Introduction to the EAlasso package
In EAlasso: Simulation Based Inference of Lasso Estimator

EAlasso package is designed to facilitate simulation based inference of lasso type estimators. The package includes

Computing the lasso type estimator
Gaussian bootstrap and wild multiplier bootstrap sampler
Importance sampler
Metropolis-Hastings sampler for lasso estimator
Post-selection inference for lasso estimator

Loss function for lasso-type estimators

Let the unknown true model be $$ y = X\beta_0 + \epsilon,$$ where $\beta_0$ is unknown true coefficient and $\epsilon_i \sim_{iid} N(0,\sigma^2)$.

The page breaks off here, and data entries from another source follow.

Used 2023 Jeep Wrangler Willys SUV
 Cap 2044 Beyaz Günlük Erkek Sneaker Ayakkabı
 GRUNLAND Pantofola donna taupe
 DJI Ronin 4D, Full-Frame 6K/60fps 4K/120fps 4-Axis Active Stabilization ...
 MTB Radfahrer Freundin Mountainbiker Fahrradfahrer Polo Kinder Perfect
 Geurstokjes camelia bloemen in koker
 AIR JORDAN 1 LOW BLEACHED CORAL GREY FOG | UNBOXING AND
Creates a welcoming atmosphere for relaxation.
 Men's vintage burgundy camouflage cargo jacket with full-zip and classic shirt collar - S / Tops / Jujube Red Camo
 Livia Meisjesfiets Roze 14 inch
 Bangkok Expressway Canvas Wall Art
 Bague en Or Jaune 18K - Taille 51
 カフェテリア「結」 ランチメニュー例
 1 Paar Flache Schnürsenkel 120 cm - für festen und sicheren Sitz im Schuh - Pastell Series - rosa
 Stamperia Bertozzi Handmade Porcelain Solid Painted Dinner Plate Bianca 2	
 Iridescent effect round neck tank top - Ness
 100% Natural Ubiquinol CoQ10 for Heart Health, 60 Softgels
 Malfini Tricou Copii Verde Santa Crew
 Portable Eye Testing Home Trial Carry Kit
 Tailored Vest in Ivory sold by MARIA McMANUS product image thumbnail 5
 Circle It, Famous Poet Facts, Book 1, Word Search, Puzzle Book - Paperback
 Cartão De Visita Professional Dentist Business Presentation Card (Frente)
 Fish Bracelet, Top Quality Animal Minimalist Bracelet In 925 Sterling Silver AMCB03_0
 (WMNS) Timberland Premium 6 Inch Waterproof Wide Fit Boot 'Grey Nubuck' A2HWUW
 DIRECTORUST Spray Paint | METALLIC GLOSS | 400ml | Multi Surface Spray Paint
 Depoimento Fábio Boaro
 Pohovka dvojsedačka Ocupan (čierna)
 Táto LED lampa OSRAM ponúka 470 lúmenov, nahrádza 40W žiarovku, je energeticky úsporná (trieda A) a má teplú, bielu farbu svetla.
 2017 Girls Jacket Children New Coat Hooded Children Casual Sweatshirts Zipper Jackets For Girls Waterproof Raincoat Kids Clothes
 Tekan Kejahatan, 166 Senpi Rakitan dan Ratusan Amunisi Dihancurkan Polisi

We use following loss functions. $$ \ell_{grlasso}(\beta ; \lambda) = \frac{1}{2}||y-X\beta||^2_2 + n\lambda\sum_j w_j||\beta_{(j)}||2,$$ $$ \ell{sgrlasso}(\beta, \sigma ; \lambda) = \frac{1}{2\sigma}||y-X\beta||^2_2 + \frac{\sigma}{2} + n\lambda\sum_j w_j||\beta_{(j)}||_2,$$ where $grlasso$ and $sgrlasso$ represent group lasso and scaled group lasso, respectively, and $w_j$ is the weight factor for the j-th group. Loss functions for lasso and scaled lasso can be treated as special cases of group lasso and group scaled lasso when the group size is one, respectively.

Fit Lasso Type Estimator

Lasso.MHLS computes lasso, group lasso, scaled lasso, or scaled group lasso solution. Users can either provide the value of $\lambda$ or choose to use cross-validation by setting lbd = "cv.min" or lbd = "cv.1se".

library(EAlasso)
set.seed(1234)
n <- 30; p <- 50
Niter <-  10
group <- rep(1:(p/5), each = 5)
weights <- rep(1, p/5)
beta0 <- c(rep(1,5), rep(0, p-5))
X <- matrix(rnorm(n*p), n)
Y <- X %*% beta0 + rnorm(n)
# set lambda = .5
Lasso.MHLS(X = X, Y = Y, lbd = .5, group = group, weights = weights, type="grlasso")
# use cross-validation
Lasso.MHLS(X = X, Y = Y, lbd = "cv.1se", group = group, weights = weights, type="grlasso")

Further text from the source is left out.